EXERCISE PROMPT
Restate the listing below line for line and word for word, without the pictures.

DATA PROVIDED
+++++
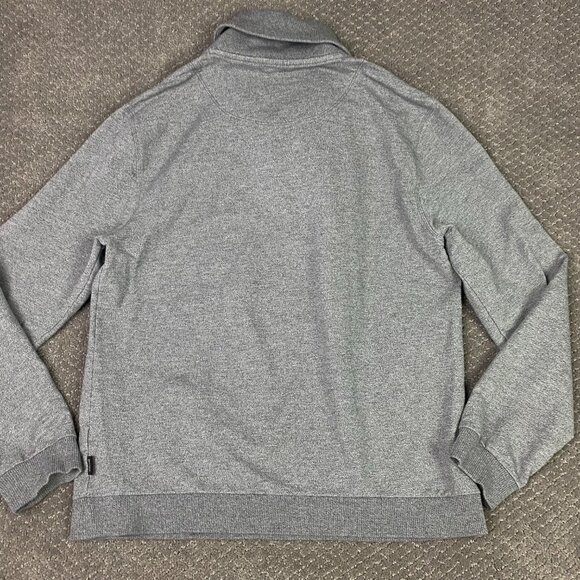 Hugo Boss Shawl Collar Cotton Sweater Jumper Men's Large Fits Short Medium Gray - Picture 4 of 12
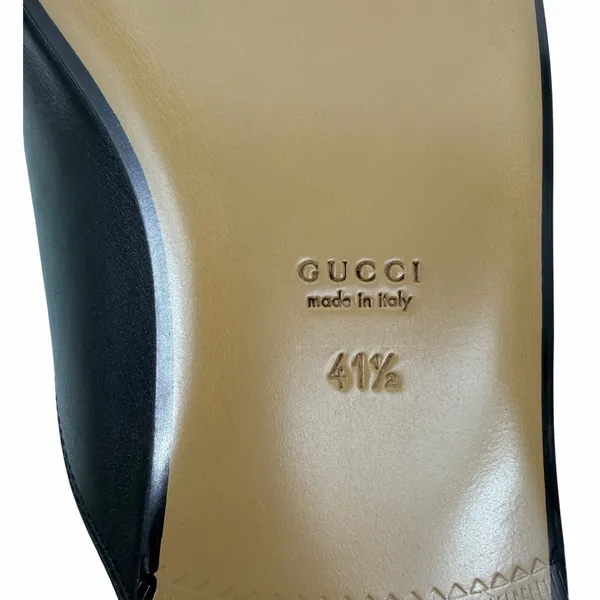 Gucci Princetown Horsebit Slipper Mules Black Leather Size 41.5 - Image 10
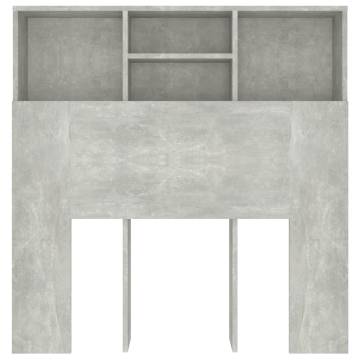 Headboard Cabinet Concrete Grey 100x19x103.5 cm - HiPoMarket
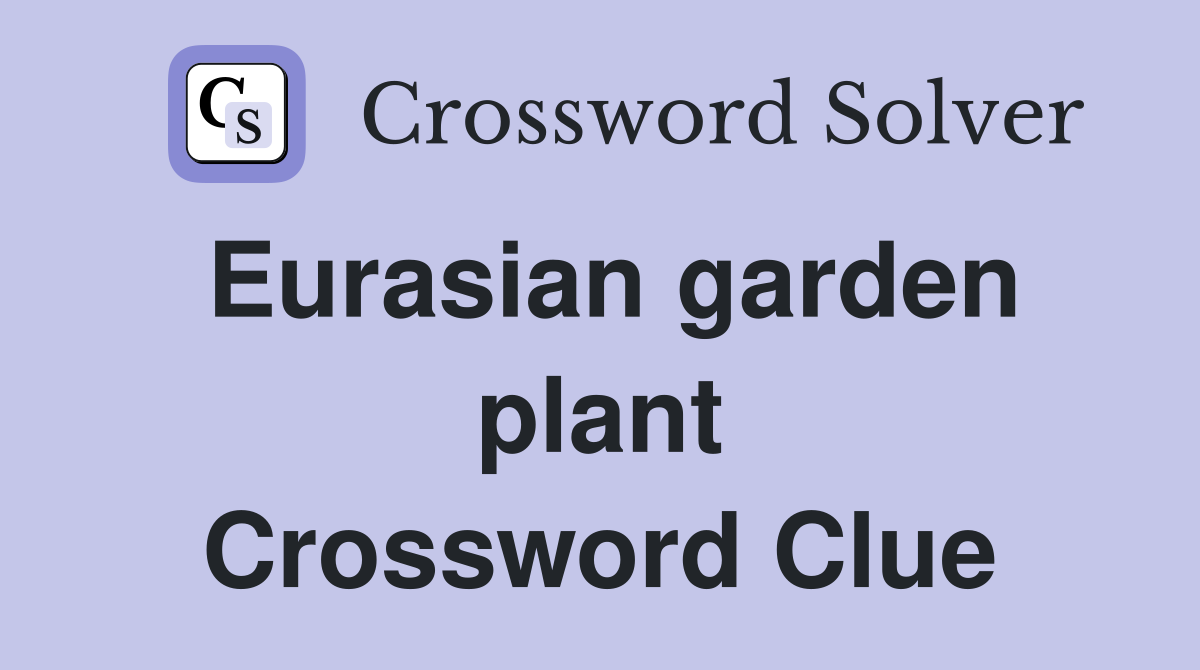 Eurasian garden plant Crossword Clue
+++++
TASK SOLUTION
 Hugo Boss Shawl Collar Cotton Sweater Jumper Men's Large Fits Short Medium Gray - Picture 4 of 12
 Gucci Princetown Horsebit Slipper Mules Black Leather Size 41.5 - Image 10
 Headboard Cabinet Concrete Grey 100x19x103.5 cm - HiPoMarket
 Eurasian garden plant Crossword Clue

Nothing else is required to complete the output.